Caldwell sat down. "You'll forgive me if I find that difficult to believe." Harry looked up then, looked him directly in his eyes. Stephen wanted to jerk away, but he was frozen. He could feel something in his head stalking through his memories, then Harry looked away and sighed.
"You are at war," he said, simply. "That's why the secrets. We were at war, too. We're still managing some of the fall-out." Harry withdrew a long stick from his sleeve and pointed it at Caldwell's notepad. "Wingardium Leviosa." The pad rose to eye-level and hovered there before falling back to the table as Harry lowered his wand.
Stephen inspected the notepad; it was normal, completely normal. "How?" he asked.
"Magic." He was serious.
"You expect me to believe this."
"Just as much as you expect us to believe this ship and your story when most Muggles on Earth still think going to the moon is an accomplishment."

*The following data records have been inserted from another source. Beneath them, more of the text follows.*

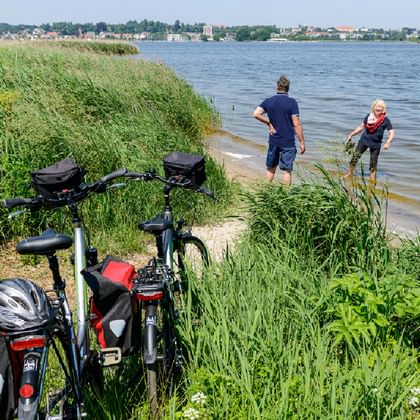 Zwei Radfahrer stehen am Wasserrand eines Ostseestrandes mit Tourenrädern und Packtaschen am grasbewachsenen Ufer. Stadt sichtbar.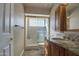 Bathroom with a glass block shower and granite countertop vanity at 13214 S 39Th St, Phoenix, AZ 85044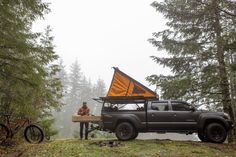 a man sitting at a table in the back of a truck with an awning on it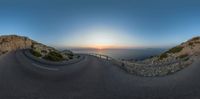 fish eye lens of a highway at sunset overlooking the ocean and mountain range at dusk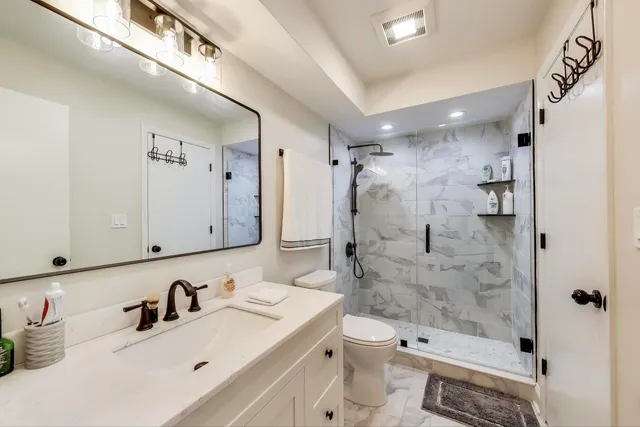 a bathroom with a sink toilet tub and shower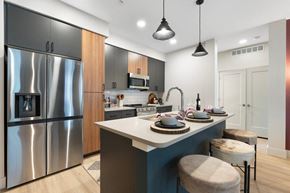 Flagstaff apartment for rent - a kitchen with a island and a stainless steel refrigerator
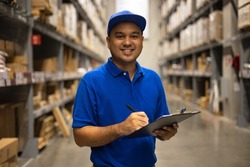 Young worker in blue uniform checklist manage parcel box product in warehouse. Asian man employee holding clipboard working at store industry. Logistic import export concept.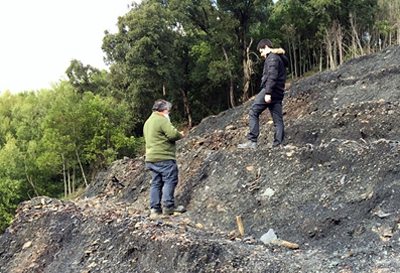 The coal truth: Two of the researchers fitting sensors in a spoil heap in Portugal.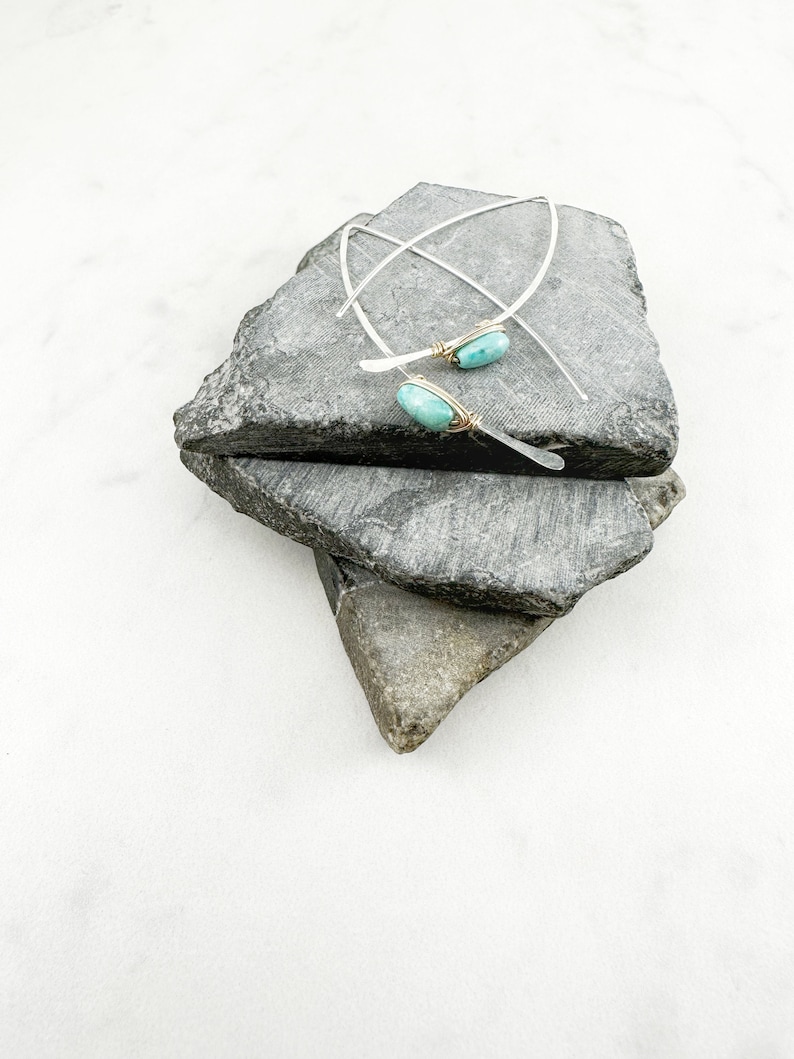 May include: A pair of silver earrings with turquoise stones set in gold wire. The earrings are displayed on a stack of gray stones.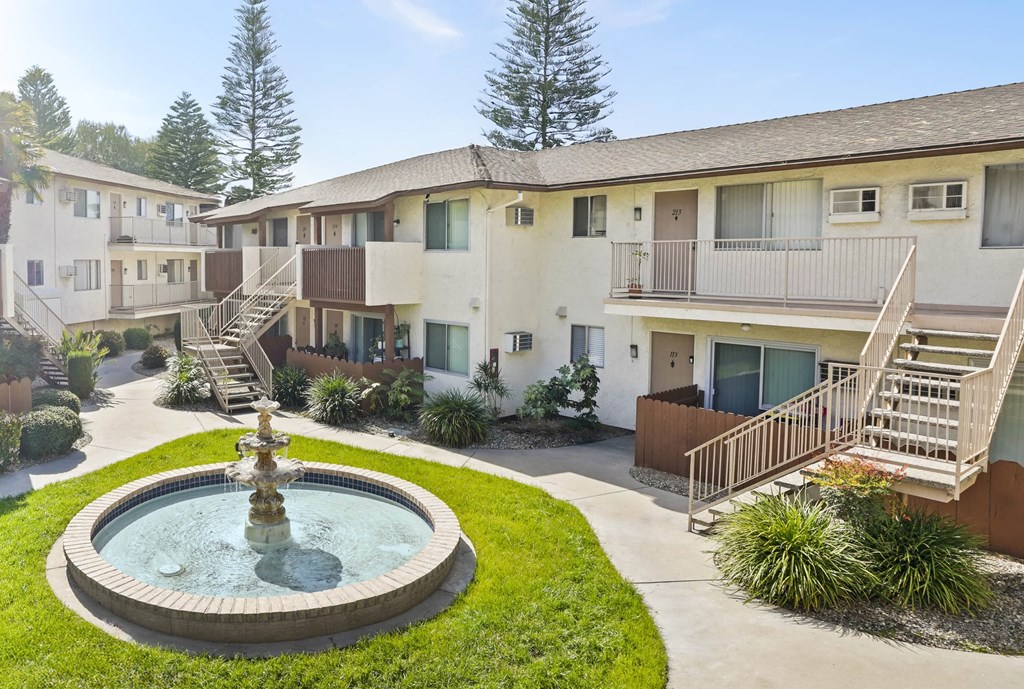A courtyard with a fountain and apartment buildings.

"Do something else." Harry pointed his wand again and the notepad turned green.
"How?"
Harry shrugged. "You'd have to ask Hermione, she's the one who studies the theory of magic. I just know how to use it."
God help him, Stephen believed the boy. Of course the amazing color-changing floating notepad had helped his belief. "Magic is real."

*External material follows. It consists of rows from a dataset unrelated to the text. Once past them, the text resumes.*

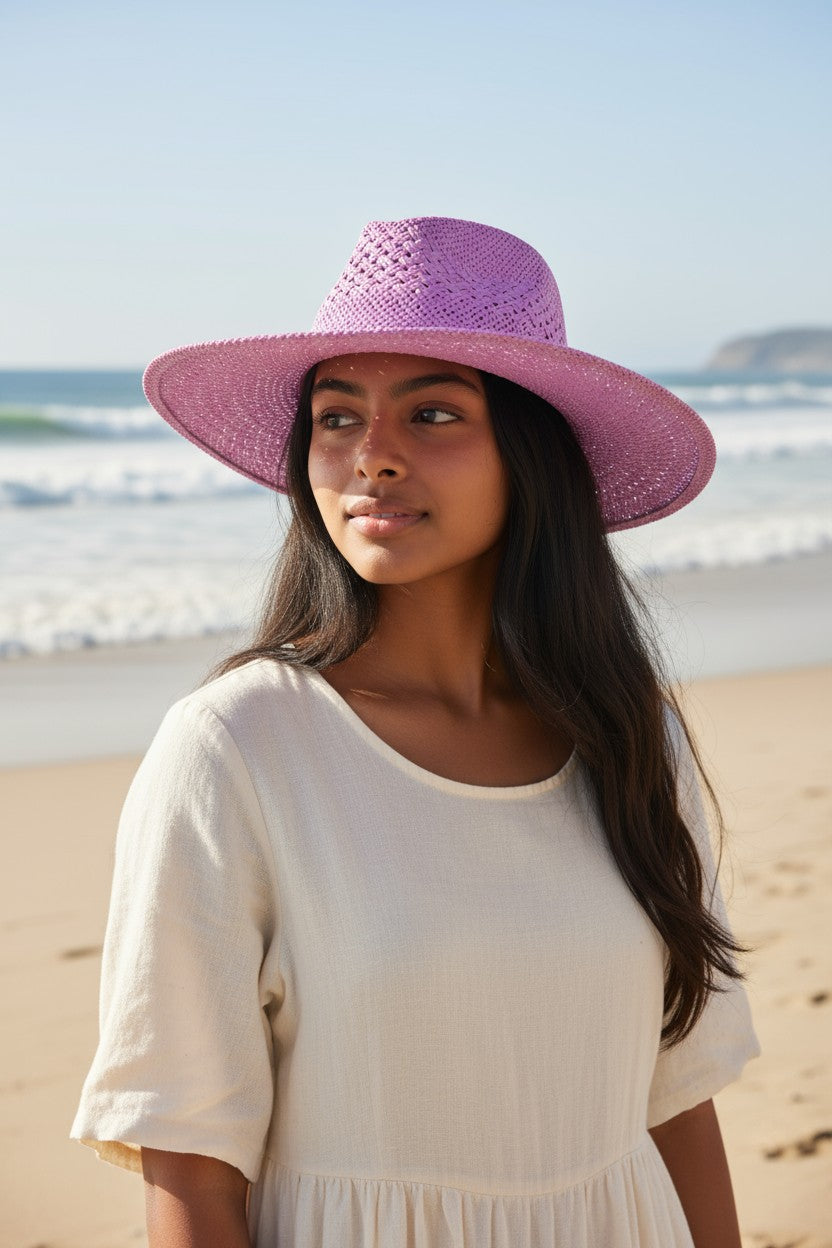 Woman wearing a purple hat on a beach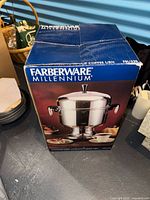 Retail box showing Farberware Millennium coffee urn image and branding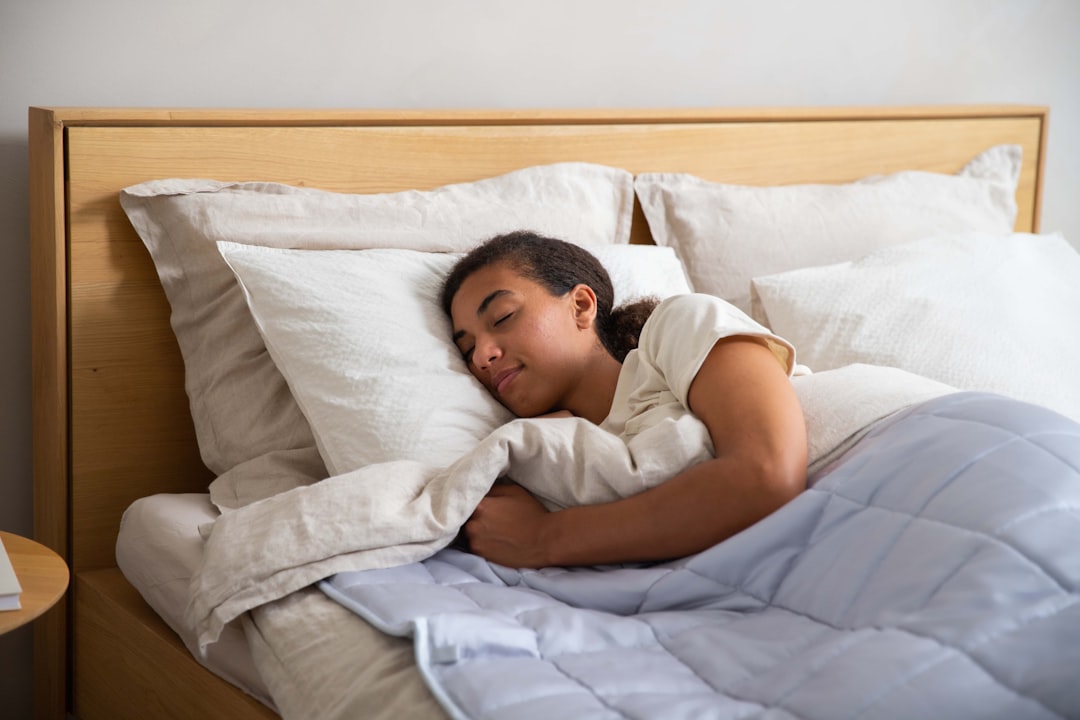 a young girl sleeping in a bed with white sheets- Quality Sleep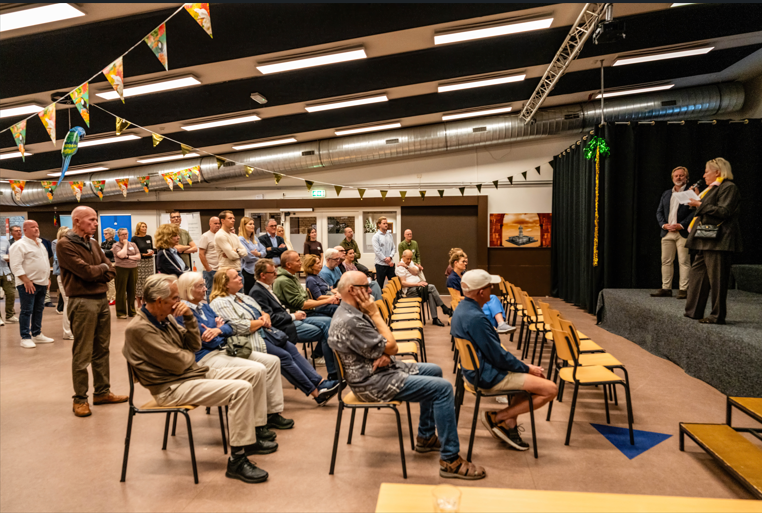 Zaal met mensen die luisteren naar wethouder op podium
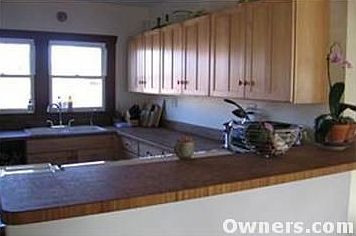Kitchen--view from dining room over bar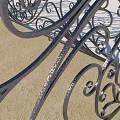 Decorative Wrought Iron Railing With Intricate Scroll Patterns On Wooden Platform 3d model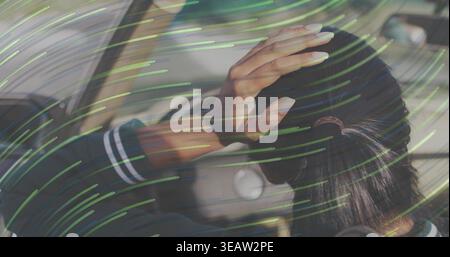 Sitting Indian woman wearing dark jacket, striped cuff, touching hair in car, green streaked glass Stock Photo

"Just like space ships and aliens," Harry replied, almost smiling.
Stephen snorted. "Right. How did you get here? Do all magic people cavort through space?"
"No." Harry explained the same story Caldwell had already heard four times already, but he included additional information and details and this time Stephen actually believed what he was hearing. He couldn't keep them in the cell, he realized, not if he wanted to know more.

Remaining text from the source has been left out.